_YOUR INSTRUCTIONS:_
Every line of the records below from the line with "日本是升级版越南！中国队轻松外出聚餐 老范：上强度他们就断电" up to and including the line with "Lola Piccolo Hotel E Appartamenti" must be reproduced exactly, and no line outside that range.

Crawled caption data:
Segment Open

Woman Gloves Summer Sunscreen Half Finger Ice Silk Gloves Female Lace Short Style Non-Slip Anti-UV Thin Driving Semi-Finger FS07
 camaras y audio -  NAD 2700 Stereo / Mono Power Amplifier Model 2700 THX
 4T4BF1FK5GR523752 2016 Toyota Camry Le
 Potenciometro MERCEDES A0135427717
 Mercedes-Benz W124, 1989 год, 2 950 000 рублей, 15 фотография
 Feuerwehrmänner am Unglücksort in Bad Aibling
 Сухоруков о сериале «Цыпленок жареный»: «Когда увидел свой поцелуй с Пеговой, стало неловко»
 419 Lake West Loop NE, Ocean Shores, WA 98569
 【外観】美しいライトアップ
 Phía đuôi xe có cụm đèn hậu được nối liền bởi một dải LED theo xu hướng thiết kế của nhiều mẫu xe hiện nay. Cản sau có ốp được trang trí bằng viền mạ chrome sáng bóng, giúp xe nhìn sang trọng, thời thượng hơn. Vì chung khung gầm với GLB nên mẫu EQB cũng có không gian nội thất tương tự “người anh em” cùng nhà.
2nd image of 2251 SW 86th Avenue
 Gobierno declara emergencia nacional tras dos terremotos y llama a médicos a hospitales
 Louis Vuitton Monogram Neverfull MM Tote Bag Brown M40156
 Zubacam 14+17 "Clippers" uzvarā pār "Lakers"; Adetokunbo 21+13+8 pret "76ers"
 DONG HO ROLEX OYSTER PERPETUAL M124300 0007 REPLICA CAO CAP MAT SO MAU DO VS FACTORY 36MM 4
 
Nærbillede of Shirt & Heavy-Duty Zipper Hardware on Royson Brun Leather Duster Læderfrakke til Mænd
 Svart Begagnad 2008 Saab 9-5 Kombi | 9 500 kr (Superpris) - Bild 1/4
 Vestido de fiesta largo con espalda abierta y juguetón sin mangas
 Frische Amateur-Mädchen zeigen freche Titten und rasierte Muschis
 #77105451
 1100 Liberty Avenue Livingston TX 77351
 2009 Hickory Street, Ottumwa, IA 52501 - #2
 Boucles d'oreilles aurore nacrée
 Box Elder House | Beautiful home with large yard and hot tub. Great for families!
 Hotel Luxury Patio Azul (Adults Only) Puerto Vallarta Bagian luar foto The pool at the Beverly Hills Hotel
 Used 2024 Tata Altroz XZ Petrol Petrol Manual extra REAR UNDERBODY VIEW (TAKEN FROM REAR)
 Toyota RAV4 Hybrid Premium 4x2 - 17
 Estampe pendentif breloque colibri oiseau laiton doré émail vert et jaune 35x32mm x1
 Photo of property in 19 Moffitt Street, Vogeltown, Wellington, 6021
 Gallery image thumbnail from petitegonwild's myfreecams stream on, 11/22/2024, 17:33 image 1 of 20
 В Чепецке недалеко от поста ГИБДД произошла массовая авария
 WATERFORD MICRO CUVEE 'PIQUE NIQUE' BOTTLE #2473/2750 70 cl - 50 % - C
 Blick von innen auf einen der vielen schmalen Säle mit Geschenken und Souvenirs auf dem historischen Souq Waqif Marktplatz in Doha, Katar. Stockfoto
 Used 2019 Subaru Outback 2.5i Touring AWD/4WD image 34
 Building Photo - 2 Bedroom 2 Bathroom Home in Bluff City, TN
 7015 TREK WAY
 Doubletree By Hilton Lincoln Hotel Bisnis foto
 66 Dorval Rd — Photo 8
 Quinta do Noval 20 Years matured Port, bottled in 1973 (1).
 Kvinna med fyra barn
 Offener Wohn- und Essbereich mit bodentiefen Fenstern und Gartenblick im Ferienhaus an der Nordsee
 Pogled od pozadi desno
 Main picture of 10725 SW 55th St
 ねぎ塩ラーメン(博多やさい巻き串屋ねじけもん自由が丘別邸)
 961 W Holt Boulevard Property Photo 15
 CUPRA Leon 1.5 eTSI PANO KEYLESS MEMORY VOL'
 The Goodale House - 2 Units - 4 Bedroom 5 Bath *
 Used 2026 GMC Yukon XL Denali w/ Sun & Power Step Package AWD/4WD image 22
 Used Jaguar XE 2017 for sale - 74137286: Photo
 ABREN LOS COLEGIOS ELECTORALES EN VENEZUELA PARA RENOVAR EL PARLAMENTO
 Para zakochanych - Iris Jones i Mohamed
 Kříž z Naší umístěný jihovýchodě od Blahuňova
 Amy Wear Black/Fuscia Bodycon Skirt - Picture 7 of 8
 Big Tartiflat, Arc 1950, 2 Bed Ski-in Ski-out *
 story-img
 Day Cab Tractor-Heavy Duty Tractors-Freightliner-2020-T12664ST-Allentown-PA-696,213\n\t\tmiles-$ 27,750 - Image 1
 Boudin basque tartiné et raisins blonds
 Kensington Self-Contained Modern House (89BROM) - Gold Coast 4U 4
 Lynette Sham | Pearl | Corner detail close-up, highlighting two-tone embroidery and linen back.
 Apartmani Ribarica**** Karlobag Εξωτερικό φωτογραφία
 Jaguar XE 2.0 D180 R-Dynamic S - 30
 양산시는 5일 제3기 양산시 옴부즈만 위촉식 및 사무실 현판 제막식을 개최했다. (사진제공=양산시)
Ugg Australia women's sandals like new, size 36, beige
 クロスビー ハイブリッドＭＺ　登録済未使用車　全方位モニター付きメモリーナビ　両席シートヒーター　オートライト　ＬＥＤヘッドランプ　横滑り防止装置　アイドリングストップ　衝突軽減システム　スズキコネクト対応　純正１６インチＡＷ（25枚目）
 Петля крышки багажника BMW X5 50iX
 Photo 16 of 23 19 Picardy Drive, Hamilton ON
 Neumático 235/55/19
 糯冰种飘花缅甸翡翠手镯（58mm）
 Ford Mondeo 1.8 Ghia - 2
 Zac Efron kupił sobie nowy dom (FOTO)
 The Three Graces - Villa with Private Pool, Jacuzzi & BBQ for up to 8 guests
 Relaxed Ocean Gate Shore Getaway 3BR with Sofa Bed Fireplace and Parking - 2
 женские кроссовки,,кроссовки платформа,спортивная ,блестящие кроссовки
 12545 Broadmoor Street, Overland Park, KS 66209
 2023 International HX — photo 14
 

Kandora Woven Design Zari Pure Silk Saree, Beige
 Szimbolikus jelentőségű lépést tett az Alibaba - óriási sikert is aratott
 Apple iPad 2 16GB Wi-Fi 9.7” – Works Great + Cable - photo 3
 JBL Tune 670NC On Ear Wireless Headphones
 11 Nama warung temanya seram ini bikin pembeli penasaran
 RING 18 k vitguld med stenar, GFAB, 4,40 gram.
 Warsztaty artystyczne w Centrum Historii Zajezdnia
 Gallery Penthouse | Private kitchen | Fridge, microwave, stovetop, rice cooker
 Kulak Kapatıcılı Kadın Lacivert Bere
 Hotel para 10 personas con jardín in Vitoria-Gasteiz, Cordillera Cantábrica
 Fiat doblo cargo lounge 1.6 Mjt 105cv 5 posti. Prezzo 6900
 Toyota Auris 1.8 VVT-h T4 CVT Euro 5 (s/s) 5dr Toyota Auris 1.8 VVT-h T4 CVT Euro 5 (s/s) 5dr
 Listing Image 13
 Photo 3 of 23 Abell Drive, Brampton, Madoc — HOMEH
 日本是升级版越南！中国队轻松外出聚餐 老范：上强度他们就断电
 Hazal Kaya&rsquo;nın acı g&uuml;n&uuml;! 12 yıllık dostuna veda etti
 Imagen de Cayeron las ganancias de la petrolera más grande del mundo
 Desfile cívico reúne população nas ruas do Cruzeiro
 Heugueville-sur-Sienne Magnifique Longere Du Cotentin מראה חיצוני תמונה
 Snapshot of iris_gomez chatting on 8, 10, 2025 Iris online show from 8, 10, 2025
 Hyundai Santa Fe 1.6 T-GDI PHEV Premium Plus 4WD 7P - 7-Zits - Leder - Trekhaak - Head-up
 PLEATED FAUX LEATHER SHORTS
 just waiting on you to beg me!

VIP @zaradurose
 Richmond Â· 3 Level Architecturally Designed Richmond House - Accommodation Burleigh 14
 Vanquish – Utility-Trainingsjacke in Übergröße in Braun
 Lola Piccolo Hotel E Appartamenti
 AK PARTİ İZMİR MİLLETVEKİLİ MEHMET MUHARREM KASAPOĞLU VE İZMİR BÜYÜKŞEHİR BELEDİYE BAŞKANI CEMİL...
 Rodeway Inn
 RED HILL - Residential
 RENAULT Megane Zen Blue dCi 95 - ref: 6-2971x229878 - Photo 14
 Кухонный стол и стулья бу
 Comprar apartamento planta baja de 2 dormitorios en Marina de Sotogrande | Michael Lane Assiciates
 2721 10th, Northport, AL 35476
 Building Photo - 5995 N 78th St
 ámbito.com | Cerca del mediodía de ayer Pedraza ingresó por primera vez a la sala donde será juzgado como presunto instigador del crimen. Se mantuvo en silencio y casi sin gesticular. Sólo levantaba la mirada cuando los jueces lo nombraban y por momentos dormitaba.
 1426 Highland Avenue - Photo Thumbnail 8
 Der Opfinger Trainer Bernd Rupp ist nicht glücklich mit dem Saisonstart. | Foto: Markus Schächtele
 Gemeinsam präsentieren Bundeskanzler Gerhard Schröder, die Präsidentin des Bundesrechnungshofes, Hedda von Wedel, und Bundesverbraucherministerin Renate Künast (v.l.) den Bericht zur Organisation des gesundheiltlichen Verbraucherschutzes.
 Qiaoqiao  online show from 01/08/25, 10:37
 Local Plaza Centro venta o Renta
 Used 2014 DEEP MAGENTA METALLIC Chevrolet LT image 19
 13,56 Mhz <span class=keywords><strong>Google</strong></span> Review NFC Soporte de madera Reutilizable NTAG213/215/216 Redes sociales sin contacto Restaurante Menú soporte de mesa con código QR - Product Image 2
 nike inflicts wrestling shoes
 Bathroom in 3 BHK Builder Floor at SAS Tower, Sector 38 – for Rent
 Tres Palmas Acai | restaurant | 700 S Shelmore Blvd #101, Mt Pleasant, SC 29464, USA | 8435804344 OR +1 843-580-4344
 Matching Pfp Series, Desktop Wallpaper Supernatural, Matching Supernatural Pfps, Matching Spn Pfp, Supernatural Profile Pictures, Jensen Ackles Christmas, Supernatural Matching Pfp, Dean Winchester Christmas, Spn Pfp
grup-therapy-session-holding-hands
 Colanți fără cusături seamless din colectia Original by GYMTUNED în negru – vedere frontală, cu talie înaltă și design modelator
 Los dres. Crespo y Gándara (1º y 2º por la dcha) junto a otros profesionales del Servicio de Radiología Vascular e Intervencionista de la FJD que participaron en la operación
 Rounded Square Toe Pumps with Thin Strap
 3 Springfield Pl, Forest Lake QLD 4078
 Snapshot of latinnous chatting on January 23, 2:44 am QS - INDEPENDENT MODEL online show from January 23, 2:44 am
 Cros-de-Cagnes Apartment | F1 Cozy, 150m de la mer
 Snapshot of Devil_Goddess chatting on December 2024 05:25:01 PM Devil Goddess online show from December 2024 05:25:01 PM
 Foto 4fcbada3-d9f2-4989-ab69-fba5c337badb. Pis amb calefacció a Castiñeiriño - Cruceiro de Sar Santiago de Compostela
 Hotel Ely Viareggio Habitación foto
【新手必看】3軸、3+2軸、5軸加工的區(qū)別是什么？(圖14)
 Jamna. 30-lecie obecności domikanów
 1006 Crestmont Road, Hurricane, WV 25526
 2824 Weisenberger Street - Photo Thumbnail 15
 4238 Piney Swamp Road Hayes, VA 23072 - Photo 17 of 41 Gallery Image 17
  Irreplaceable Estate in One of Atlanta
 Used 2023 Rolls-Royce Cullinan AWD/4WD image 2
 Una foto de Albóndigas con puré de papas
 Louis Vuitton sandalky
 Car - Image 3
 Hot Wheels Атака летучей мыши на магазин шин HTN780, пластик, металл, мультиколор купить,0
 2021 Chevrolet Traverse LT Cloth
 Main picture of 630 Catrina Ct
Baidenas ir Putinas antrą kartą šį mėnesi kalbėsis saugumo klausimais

Segment Closed

_REPLY TO THE TASK:_
 日本是升级版越南！中国队轻松外出聚餐 老范：上强度他们就断电
 Hazal Kaya&rsquo;nın acı g&uuml;n&uuml;! 12 yıllık dostuna veda etti
 Imagen de Cayeron las ganancias de la petrolera más grande del mundo
 Desfile cívico reúne população nas ruas do Cruzeiro
 Heugueville-sur-Sienne Magnifique Longere Du Cotentin מראה חיצוני תמונה
 Snapshot of iris_gomez chatting on 8, 10, 2025 Iris online show from 8, 10, 2025
 Hyundai Santa Fe 1.6 T-GDI PHEV Premium Plus 4WD 7P - 7-Zits - Leder - Trekhaak - Head-up
 PLEATED FAUX LEATHER SHORTS
 just waiting on you to beg me!

VIP @zaradurose
 Richmond Â· 3 Level Architecturally Designed Richmond House - Accommodation Burleigh 14
 Vanquish – Utility-Trainingsjacke in Übergröße in Braun
 Lola Piccolo Hotel E Appartamenti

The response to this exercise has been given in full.